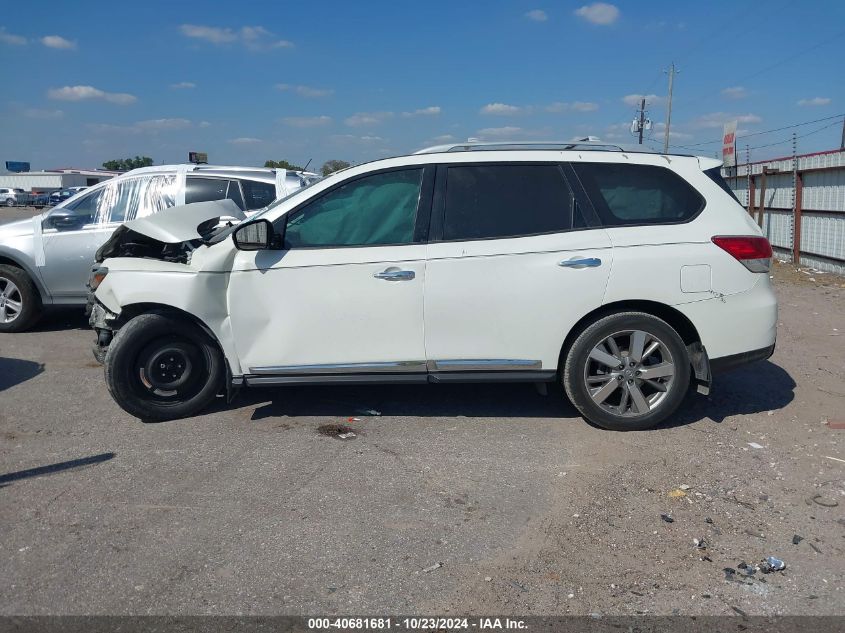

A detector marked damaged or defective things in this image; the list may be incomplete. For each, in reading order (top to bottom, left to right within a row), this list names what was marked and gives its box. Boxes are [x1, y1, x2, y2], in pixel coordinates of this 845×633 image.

crumpled hood [123, 199, 246, 243]
damaged white suv [87, 143, 780, 430]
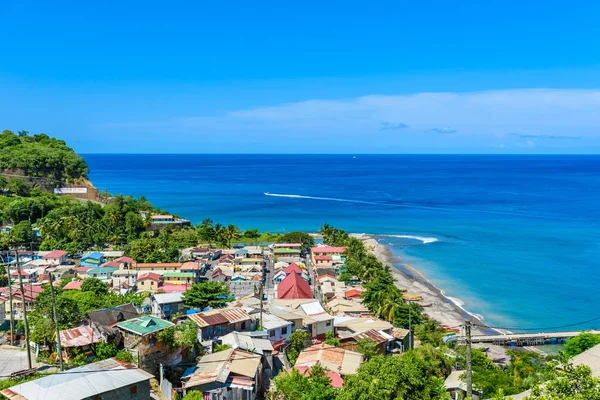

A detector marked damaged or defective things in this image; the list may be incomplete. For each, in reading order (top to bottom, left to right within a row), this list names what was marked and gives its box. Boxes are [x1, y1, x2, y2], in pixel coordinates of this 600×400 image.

rusty metal roof [59, 326, 101, 348]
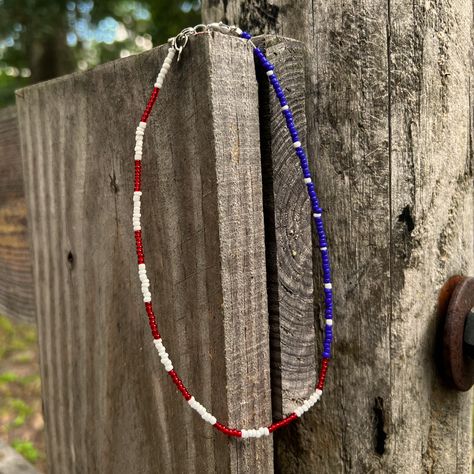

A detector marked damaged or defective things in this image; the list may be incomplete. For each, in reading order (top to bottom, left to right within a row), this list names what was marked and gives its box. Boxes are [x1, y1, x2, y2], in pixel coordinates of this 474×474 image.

rusty metal bolt [440, 276, 474, 390]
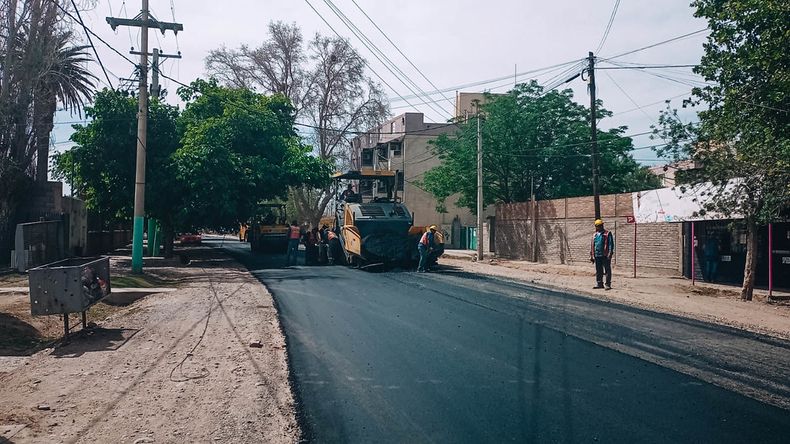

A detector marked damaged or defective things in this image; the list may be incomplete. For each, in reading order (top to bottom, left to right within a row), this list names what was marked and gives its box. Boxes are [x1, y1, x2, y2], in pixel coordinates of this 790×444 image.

**Your objective**
Word for word, give again the lines from the line with "this 600×400 image." through the end of the records above, with both ends included and the pictures left out.

**Answer box**
A detector marked damaged or defective things in this image; the list may be incomplete. For each, in reading order (top to bottom, left to right within a row), this list names what was marked and gives its box. Boxes are [x1, y1, x2, y2], in pixel coordinates of this 600×400 image.

rusty metal roof [59, 326, 101, 348]

A detector marked damaged or defective things in this image; the list may be incomplete. For each, in reading order (top to bottom, left to right within a row), this list names what was marked and gives its box. Boxes are [x1, y1, x2, y2], in pixel coordinates of this 474×474 image.

rusty metal bolt [440, 276, 474, 390]

A detector marked damaged or defective things in this image; the list may be incomplete. For each, in reading order (top to bottom, left to right within a row), this list names what was marked and gives its box. Boxes are [x1, y1, x2, y2], in pixel coordinates of this 790×444 image.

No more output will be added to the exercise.